Namun harus ada langkah yang semakin nyata untuk memastikan profesi guru di Indonesia menjadi sebuah profesi yang dapat dibanggakan. “Sejak diberlakukannya UU Guru dan Dosen itu sampai sekarang guru masih dalam proses pembentukan sebuah pekerjaan profesional. Dan itu masih perlu langkah-langkah yang lebih serius,” katanya dalam Lokakarya Guru Millenial: Sebuah Profesi di Masa Depan di kantor Kemendikbud, Jakarta, Kamis (19/10/2019).
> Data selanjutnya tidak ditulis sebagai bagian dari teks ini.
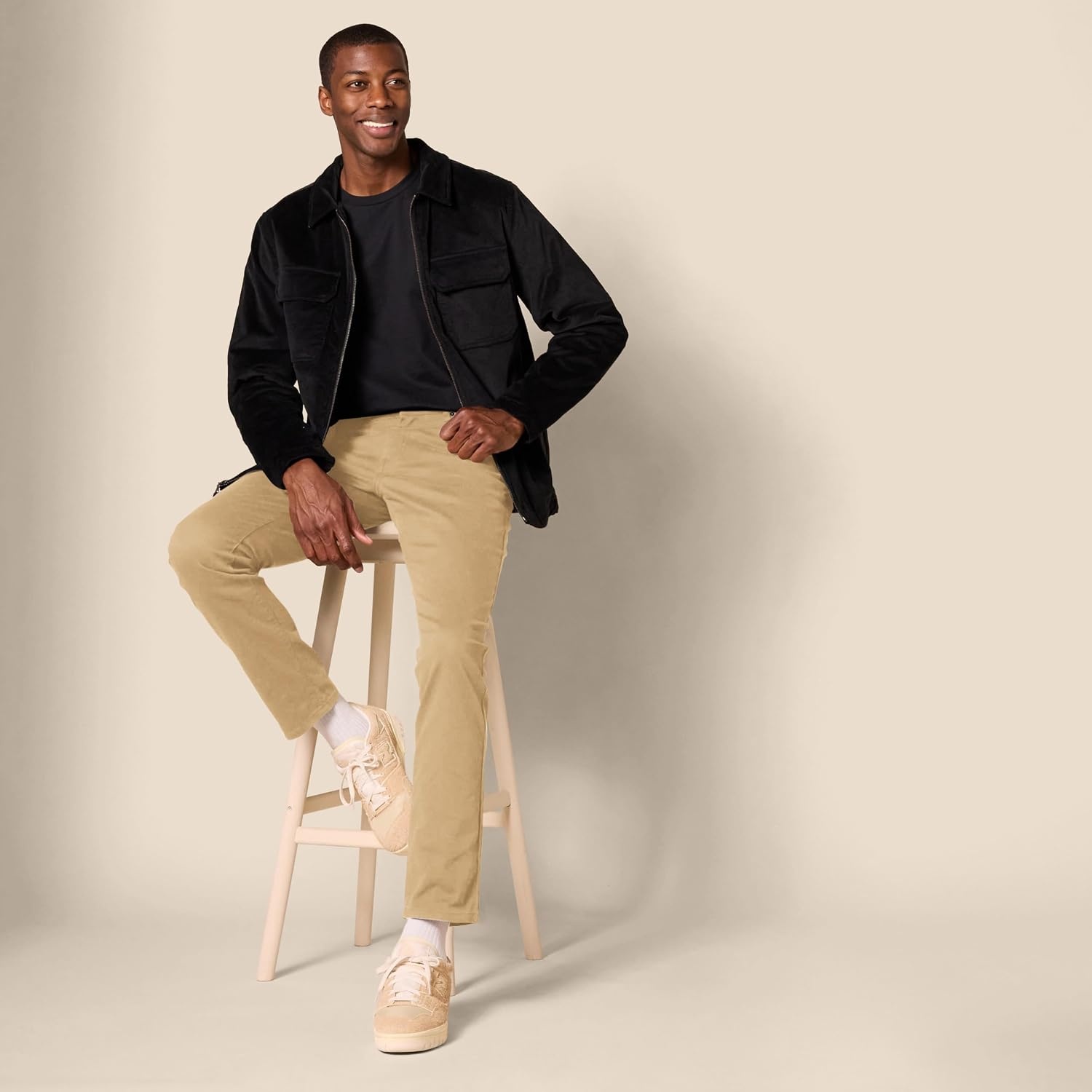 image:imageAmazon Essentials Mens 5Pocket Stretch Twill Casual PantsDark Khaki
Mantan rektor Universitas Muhammadiyah Malang ini menjelaskan, untuk menjadikan guru yang lebih profesional dan membanggakan ada tiga hal yang perlu ditangani. Pertama terkait keahlian seorang guru. Hal itu perlu ditangani melalui proses pelatihan baik pendidikan akademik dan juga profesi di lembaga pendidik tenaga kependidikan (LPTK).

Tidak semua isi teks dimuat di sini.